Thanks! Another cel so I think I might just drive the car through their front door tomorrow and leave it there.


----------



## money_man (Feb 25, 2014)

You're having horrible luck. I have 10k miles on my ctd and have yet to have a single issue. 

Go on the BMW forums, Germany isn't building cars like they used to ever since the luxury car brands sold out and started making cheaper vehicles to suit less wealthy customers


Sent from the sexy electrician


----------



## MilTownSHO (Oct 9, 2013)

Funny how that works, I'm at 36k and some change with no issues and have run two different tunes.


----------



## money_man (Feb 25, 2014)

I want a tune something awful but I don't know how picky my dealership is about them. 


Sent from the sexy electrician


----------



## MilTownSHO (Oct 9, 2013)

money_man said:


> I want a tune something awful but I don't know how picky my dealership is about them.


Dealer isn't going to know unless you tell them. Remove the tune before you take it in for service.

They aren't going to find it unless they really dig.


----------



## money_man (Feb 25, 2014)

I thought somewhere on here someone mentioned the computer keeps track of how many flashes have been done?
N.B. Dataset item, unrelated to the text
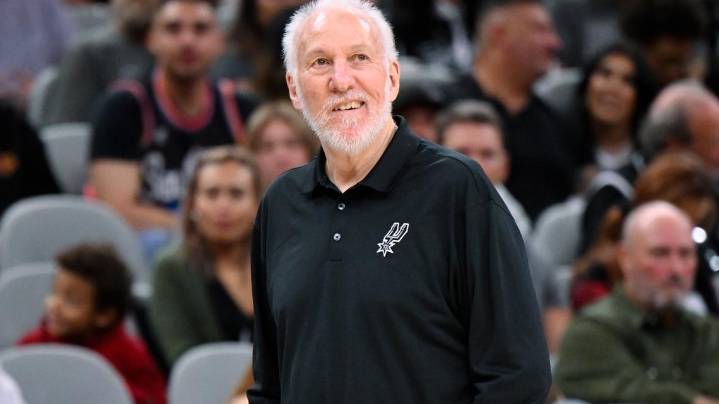 Spurs unveil Gregg Popovich's banner, celebrating his 1,390 wins and 5 NBA titles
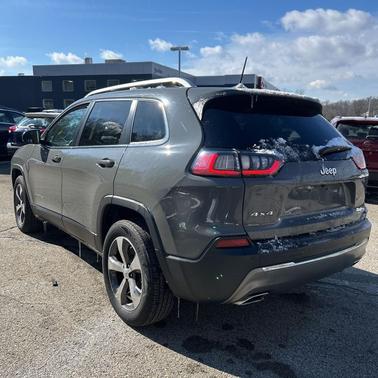 Sting-Gray Clearcoat 2020 Jeep Cherokee Limited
Sent from the sexy electrician


----------



## MilTownSHO (Oct 9, 2013)

money_man said:


> I thought somewhere on here someone mentioned the computer keeps track of how many flashes have been done?


Supposedly it does, but the service advisor told me they don't even check.


----------



## money_man (Feb 25, 2014)

Hmm. 


Sent from the sexy electrician


----------



## TRIFECTA (Feb 17, 2011)

money_man said:


> I thought somewhere on here someone mentioned the computer keeps track of how many flashes have been done?


Hello guys. Actually, the TRIFECTA flash loader does not increment the flash counter on the ECM. We are the only ones in the field that are able to do this.

That being said, reverting back to stock before a dealer visit is always best.. But you don't have to worry about the flash incrementing the counter


----------



## money_man (Feb 25, 2014)

well that makes me quite happy to hear. I'll have to get me a tune. 


Sent from the sexy electrician


----------



## TRIFECTA (Feb 17, 2011)

money_man said:


> well that makes me quite happy to hear. I'll have to get me a tune.
> 
> 
> Sent from the sexy electrician


Well, we would be glad to help you out with that over at our online store! 

Please feel free to contact us via PM or direct inquiry through email at [email protected] for more information.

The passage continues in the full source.